About Music Unbound
Music Unbound is devoted to a single theme:
Commercial/professional music is stuck in rigid concepts of style, genre and format, and needs to be broken out of these arbitrary categories in order for music as an art form to flourish properly.
There are a variety of reasons why this happened, much of it related to constraints in the commercial music marketplace (including the narrow programming formats of broadcast radio and the high barriers to entry presented by retail distribution by major labels and promotional bottlenecks in print media). In the last several years, new options for marketing music are becoming evident using online media, but licensing obstacles are keeping us from getting there.
Two very interesting ideas being floated these days are related to the idea of a "celestial jukebox" that a number of people have been talking about since the mid-90s.
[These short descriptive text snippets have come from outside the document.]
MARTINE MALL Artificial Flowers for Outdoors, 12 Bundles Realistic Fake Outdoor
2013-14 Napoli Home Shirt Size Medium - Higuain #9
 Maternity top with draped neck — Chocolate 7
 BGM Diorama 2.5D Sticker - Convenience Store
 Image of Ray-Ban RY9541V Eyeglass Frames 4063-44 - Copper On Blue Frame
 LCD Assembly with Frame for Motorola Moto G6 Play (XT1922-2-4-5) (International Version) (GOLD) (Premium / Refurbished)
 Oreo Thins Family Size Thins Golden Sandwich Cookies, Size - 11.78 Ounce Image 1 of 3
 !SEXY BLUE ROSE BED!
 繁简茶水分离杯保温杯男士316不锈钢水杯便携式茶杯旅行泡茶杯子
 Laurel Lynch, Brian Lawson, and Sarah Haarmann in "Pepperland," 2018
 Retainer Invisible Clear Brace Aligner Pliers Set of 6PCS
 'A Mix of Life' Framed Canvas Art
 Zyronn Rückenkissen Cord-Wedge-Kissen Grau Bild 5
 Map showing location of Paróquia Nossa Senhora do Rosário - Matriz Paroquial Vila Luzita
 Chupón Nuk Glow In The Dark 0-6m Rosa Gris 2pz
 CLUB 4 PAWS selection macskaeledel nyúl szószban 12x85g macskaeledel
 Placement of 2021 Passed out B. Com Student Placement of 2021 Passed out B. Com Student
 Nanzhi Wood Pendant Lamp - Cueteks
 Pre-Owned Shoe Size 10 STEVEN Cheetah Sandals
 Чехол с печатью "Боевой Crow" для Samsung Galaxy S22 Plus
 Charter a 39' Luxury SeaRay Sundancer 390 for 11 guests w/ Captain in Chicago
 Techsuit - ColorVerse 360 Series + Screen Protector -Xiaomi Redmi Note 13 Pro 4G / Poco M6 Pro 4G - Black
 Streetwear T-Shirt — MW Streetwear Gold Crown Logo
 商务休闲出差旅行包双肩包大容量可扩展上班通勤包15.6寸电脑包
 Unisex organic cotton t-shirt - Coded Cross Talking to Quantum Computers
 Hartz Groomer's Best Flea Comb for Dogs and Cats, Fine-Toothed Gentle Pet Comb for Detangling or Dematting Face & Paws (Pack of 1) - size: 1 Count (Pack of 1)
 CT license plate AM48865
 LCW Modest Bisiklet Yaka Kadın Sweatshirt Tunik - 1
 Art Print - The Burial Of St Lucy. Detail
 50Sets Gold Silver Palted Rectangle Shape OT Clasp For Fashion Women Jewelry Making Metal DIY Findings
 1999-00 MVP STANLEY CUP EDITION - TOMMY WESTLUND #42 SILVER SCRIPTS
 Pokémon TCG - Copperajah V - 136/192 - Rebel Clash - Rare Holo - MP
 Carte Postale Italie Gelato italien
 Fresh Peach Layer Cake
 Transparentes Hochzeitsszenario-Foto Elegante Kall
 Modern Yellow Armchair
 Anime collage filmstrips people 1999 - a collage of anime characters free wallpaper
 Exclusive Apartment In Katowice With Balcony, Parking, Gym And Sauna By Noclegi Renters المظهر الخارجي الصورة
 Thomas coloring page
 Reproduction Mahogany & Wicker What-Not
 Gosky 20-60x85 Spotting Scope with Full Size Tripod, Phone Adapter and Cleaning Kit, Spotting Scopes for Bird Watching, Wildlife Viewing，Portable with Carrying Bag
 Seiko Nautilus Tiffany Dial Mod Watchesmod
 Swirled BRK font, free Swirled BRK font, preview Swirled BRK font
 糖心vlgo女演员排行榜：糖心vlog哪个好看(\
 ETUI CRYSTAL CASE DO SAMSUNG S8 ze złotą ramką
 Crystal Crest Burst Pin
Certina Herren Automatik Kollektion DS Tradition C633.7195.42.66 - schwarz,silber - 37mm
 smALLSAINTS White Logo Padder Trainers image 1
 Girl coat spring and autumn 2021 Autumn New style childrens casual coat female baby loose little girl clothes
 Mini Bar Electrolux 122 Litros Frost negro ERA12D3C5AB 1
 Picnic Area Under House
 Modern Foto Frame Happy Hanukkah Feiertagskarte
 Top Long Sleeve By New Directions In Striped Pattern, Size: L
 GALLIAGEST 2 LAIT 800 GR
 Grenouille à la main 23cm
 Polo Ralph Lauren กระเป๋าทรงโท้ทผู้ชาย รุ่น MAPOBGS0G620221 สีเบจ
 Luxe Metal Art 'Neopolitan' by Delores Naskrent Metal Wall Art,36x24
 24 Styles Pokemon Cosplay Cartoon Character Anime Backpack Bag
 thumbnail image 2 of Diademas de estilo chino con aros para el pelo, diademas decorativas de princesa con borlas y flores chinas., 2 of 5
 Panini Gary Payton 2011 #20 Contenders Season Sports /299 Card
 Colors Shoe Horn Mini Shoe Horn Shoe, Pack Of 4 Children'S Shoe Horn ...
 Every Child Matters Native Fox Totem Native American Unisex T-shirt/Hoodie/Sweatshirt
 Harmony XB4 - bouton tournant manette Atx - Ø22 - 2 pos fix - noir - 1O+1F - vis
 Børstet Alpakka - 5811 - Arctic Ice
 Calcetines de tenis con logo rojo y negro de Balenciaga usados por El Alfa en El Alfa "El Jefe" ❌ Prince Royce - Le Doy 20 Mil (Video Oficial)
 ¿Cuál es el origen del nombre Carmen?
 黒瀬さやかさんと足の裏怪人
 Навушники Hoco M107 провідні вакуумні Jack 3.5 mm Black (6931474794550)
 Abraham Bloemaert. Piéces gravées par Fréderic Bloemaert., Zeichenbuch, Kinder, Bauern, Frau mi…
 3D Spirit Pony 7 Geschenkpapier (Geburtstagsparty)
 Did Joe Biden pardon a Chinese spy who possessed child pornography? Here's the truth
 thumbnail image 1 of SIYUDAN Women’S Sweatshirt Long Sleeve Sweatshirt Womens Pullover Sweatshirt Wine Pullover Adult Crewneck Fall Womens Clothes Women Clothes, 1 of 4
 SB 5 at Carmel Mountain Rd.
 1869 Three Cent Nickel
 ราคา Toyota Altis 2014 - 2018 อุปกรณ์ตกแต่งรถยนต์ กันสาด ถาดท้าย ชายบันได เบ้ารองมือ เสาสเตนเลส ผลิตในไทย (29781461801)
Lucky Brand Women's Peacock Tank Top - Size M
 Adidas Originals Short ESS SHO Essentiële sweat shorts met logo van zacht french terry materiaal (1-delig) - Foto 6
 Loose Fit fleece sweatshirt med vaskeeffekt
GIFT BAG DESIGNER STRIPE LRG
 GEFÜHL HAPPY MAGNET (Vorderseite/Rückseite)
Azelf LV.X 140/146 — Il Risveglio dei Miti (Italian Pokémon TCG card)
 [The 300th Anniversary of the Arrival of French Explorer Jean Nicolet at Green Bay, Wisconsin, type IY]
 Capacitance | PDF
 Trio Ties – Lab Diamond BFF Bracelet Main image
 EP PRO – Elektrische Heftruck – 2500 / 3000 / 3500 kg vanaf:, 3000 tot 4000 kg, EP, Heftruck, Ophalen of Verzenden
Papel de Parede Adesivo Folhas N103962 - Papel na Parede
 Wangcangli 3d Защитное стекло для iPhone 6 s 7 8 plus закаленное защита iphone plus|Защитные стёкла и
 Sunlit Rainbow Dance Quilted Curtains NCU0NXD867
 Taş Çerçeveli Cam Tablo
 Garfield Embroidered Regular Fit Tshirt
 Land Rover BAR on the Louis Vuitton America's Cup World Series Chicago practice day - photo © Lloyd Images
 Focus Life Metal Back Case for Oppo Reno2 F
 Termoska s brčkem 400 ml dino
Centralized subscription services:
One early proposal along these lines was presented on this site in August 1997:
Another model is based on the popularity of distributed ("peer-to-peer" or P2P) systems such as Napster, Gnutella and Kazaa (including future potential for custom P2P streaming and distributed auto-recommendation tools to generate playlists). In this vision, instead of licensing a specific music service, the whole Internet domain is surcharged and music is tracked as it flows across the network. According to that tracking, the surcharges are allocated as royalties to artists and writers in proportion to their popularity.
Both of these ideas require special blanket licensing that is not in place today. For a centralized service, without a blanket license that mandates access by smaller independent and do-it-yourself artists, the catalog is not likely to include the full range of recordings. P2P systems do have the capacity to range over the full domain of recordings, but currently involve infringement of copyrights. Also there is no comprehensive payment and tracking mechanism currently in place, and such systems cannot be legally built until a blanket license is created.
Blanket licenses can be accomplished in either of two ways: voluntarily as a collective agreement by many artists (similar to the performance licenses issued to radio broadcasters by the performance rights organizations: ASCAP, BMI and SESAC), or by law adopted by Congress (usually referred to as a "compulsory" or "statutory" license, one example of which is the "mechanical license" for an artist to record someone else's songs on their albums).
An analysis of the market situation and a proposal for a centralized service was presented on this site in September 2001:
Compulsory or Blanket Licensing for Interactive Subscription Services (PDF version)
The Need for an Artists'-Only Collective:
If blanket or compulsory licensing is to become a reality, there needs to be an organization of artists to represent themselves collectively. This organization would either issue the voluntary blanket licenses directly (as a "sound-recording performance rights organization"), or else it would sit at the negotiating table to have a voice in setting royalty rates under a compulsory license.
If featured-act artists do not come together to represent themselves directly, without the influence of other players with competing agendas, such as labels, publishers, netcasters, venues, technology manufacturers, etc., their voice will not be heard and it is unlikely anyone else will step up to the plate for them.
Note: the American Federation of Musicians (AFM) and American Federation of Television and Radio Artists (AFTRA), which represent work-for-hire (backup/sideman) musicians and singers in contracts with employers (venues, bandleaders, producers and labels), do not represent featured-act artists in negotiations with labels. ASCAP, BMI and SESAC represent songwriters and composers with regard to their composition performance rights, but not performing/recording artists themselves with regard to their sound recording copyrights. Also, these performing rights organizations include publishers who sometimes have conflicts of interest with the writers/composers.
At present representation of featured acts with labels and publishers is individual and accomplished with the services of specifically contracted lawyers in individual negotiations. There is also a recently formed group called the Recording Artists' Coalition (RAC) which has lobbied for legislative changes that affect individual recording-artist contracts with labels, but this group does not address the interests of unsigned artists. Do-it-yourself artists have no dedicated representation at all with regard to sound recording rights, whether collective or individual. (There is a private collective licensing option that is worth checking out: the CD Baby Digital Distribution License. At some point, it would be nice if this contract attracted enough participants to warrant membership governance processes and federal regulatory oversight, like ASCAP and BMI.)